Rucker Johnson, a University of California, Berkeley public policy professor who writes and speaks about school desegregation, said that integration is a powerful tool to increase health and prosperity and reduce crime. The benefits are strongest when integration is coupled with higher per-pupil spending and early childhood education and health care, he said.
“Some of the best crime-prevention and health-promotion polices are not in criminal justice,” he said. “They’re in education.”
About 300 people gathered for a forum titled: “Grandchildren of Brown,” referring to the generations that experienced school desegregation after the 1954 Supreme Court case and descendants who attend schools that are increasingly isolated by race and income. Economic inequality is the biggest hurdle to equity now, Johnson said: “Now the achievement gap by class is two times the achievement gap by race.”

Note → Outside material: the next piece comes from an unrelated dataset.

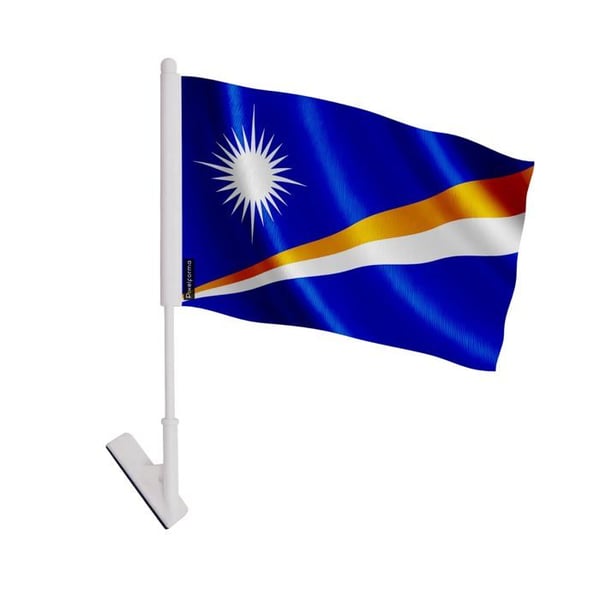 Klistret flagga Marshallöarna – 14 x 21 cm – Mjuk polyester – Lätt att klistra – 1 styck – Pixelforma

Johnson brought a rapid-fire presentation of data, from national studies to numbers showing that Charlotte-Mecklenburg Schools reached a peak of racial integration in 1980 and has seen a rising number of schools with very high poverty levels in the past decade.

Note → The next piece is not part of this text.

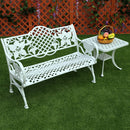 Island Gale® Outdoor Patio Cast Aluminum Bench - Garden Backyard Solid Construction with Huge Flower Pattern, (Bronze or White)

In 1999, court-ordered desegregation was overturned in CMS, and in 2002 the district rolled out a race-neutral assignment system that combines neighborhood schools and magnets.

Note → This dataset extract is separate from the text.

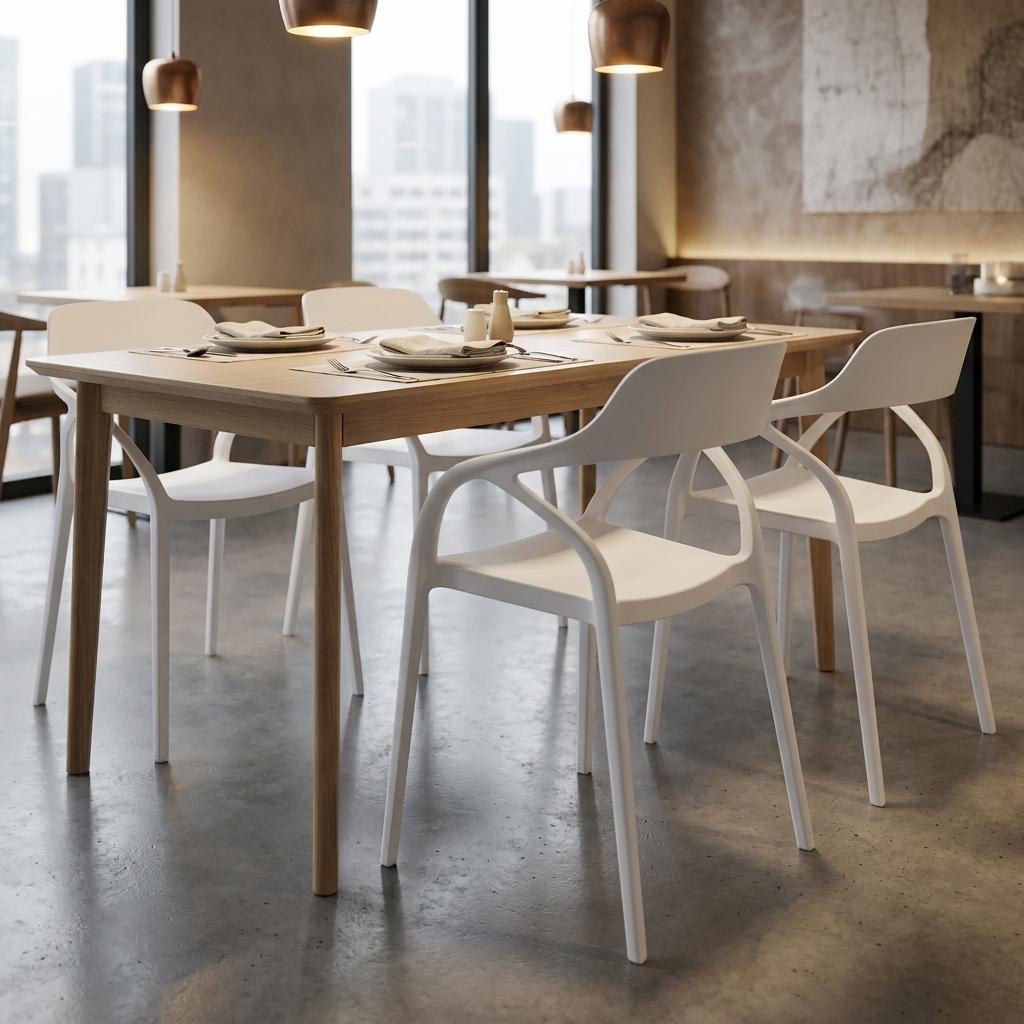 Set of Four White Heavy Duty Plastic Open Back Dining Arm Chairs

“Segregation is not the weather,” Johnson said. “This doesn’t just happen by itself. This is something that happened because of policy action or inaction.”
Johnson said there is hope for Mecklenburg County because “this community has seized the opportunity to turn this around.”
The forum is among a series of community events emerging as the school board re-examines student assignment, with most board members saying they want to increase diversity and reduce concentrations of poverty. They haven’t decided how to do that, though.
A panel of local speakers was asked to offer advice.
Dr. Ophelia Garmon-Brown, who is leading a task force on economic opportunity, urged the board to remember that white and affluent students benefit from integration too. “This is a two-way street here,” she said. “Everybody’s better.”
Rosie Molinary, an author and speaker who tries to empower young Latinas, said the board shouldn’t fixate on test scores: “Powerful learning happens with an emotional connection.”
Julian Wright, a lawyer who led CMS’ now-defunct Equity Committee, said the board should set an upper limit on school poverty, even if it’s higher than many would consider ideal: “Come up with a cap that’s reasonable and workable and doesn’t require you to alienate the community.”
Ivan Lowe, business chair at York Technical College and co-founder of a mentoring group, said to remember that you can’t bus students too far, even if you want to move students out of low-perfoming, high-poverty schools.